HAY mucho más por hacer –dijo Fulton, entre otras cosas, en su mensaje del 4 de julio, esbozando el parecer de la embajada americana– hay que avanzar urgentemente en las reformas electorales para inspirar confianza ciudadana en las elecciones y fortalecer la democracia, proceso que determinará la trayectoria de este país”. Si bien los asuntos nacionales deben ser competencia primordial de los hondureños, el criterio de la cooperación internacional y en especial lo que respecta a la política norteamericana hacia sus socios en la región, cuando se emite de buena fe, en aras de procurar el fortalecimiento del sistema democrático, no debe caer en oídos sordos. Este consejo, que bien harían los políticos en tomarlo sin recelos, ya que no es otra cosa que un buen deseo para que al país no se lo lleve el diablo, es congruente con lo que hemos venido advirtiendo en forma repetida en esta columna de opinión.

Lo que mayormente afecta, más que cualquier otro mal, es ese ambiente neblinoso de desconfianza, de sospechas, de dudas que erosiona todo intento de confluir en torno a objetivos comunes. Sobre la atmósfera de desencanto colectivo que se respira, como de las crecientes acciones de protesta que entorpecen la actividad productiva del país, lamentábamos en reciente editorial que pese al esfuerzo por recuperar la normalidad, poco ha mejorado y más bien el recurrente estado de desahucio amenaza con empeorar. Frente a esta encrucijada solo queda una ventana abierta. Que el proceso electoral en construcción esté revestido de la mayor credibilidad posible. Que los nuevos organismos que lo tutelan, creados por las recientes reformas constitucionales, estén integrados por personas de suficiente solvencia moral e incuestionable valía, a manera que no haya la menor duda que será un ejercicio transparente. Con las garantías necesarias que disuadan el escepticismo. El perfil de los nominados a esos cargos nunca ha exigido tanto escrutinio como ahora. La integración del CNE y del TJE es el rostro de lo que viene. Debe ser nítido, como para que la ciudadanía sienta confianza en que las elecciones serán una salida al peligroso clima de conflictividad presente. Para Honduras, la certeza de un proceso electoral sin mácula, es su horizonte de esperanza. Solo la promesa de un cambio real evitaría que una acentuada crisis desemboque en anárquico estropicio. Para que el asiduo público reflexione que los criterios anteriores no son aislados, el representante de Naciones Unidas en Honduras, igual transmite el parecer que comparte la totalidad de la comunidad internacional representada en el país. “Los nombres que vayan a esos puestos deben ser capaces de transmitir credibilidad y competencia para ejercer esos puestos de manera que cuando tomen decisiones, estas sean respetadas”.

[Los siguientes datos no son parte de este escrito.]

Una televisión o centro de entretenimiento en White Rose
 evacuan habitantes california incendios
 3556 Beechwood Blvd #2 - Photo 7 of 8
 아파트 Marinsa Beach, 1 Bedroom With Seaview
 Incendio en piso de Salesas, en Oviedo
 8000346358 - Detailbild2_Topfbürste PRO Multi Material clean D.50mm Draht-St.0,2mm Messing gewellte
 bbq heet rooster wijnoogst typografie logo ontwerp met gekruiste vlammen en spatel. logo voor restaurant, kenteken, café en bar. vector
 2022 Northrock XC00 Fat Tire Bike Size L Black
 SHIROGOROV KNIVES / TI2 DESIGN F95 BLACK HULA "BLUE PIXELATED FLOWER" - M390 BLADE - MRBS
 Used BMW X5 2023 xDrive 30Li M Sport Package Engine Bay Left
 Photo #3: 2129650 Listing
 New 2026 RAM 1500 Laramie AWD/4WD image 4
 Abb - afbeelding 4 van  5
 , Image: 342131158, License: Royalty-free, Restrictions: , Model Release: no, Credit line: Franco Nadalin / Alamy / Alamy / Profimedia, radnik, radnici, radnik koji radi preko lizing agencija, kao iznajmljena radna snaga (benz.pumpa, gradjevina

De nada sirve un bulto de reformas –por más que juren los enviados de la OEA que son buenas– sea cual fuesen sus alcances, si el inmenso público no tiene confianza en los organismos rectores del proceso. Si la percepción que se dé es que los partidos van a repartirse poniendo al simpatizante político fiel a determinado grupo, aunque no reúna los exigentes requisitos de confiabilidad. Para esa gracia, ahórrense el tiempo en piruetas cosméticas y dejen lo mismo que ya está. Si la reciente elección es indicativo testimonial de cómo rápidamente puede deteriorarse la frágil estabilidad política, más tratándose de un resultado apretado, suficiente sentido común debe prevalecer para no repetir los entuertos. No fue cosa de una nueva o vieja tarjeta de identidad. Es preciso depurar el censo, pero no fue esto lo que empañó la votación. Nada tuvo que ver la Ley Electoral y las normas contenidas en ella que normaron ese como lo hicieron en forma satisfactoria en otros comicios anteriores. Fueron los organismos electorales los que estuvieron sometidos, antes y después de conocerse los resultados, a chubascos de descrédito. Una vez que se retrasó el anuncio oficial del primer conteo rápido –momentos después que cerraron las urnas y las mesas enviaron sus actas– y no hubo reporte hasta la madrugada, nada pudo contener la avalancha de sospecha, de aprensión, de cuestionamiento que desató el torbellino. Así que si esta vez, salen con representantes sin perfiles de honorabilidad, esta nueva ronda electoral estaría maldita desde el arranque.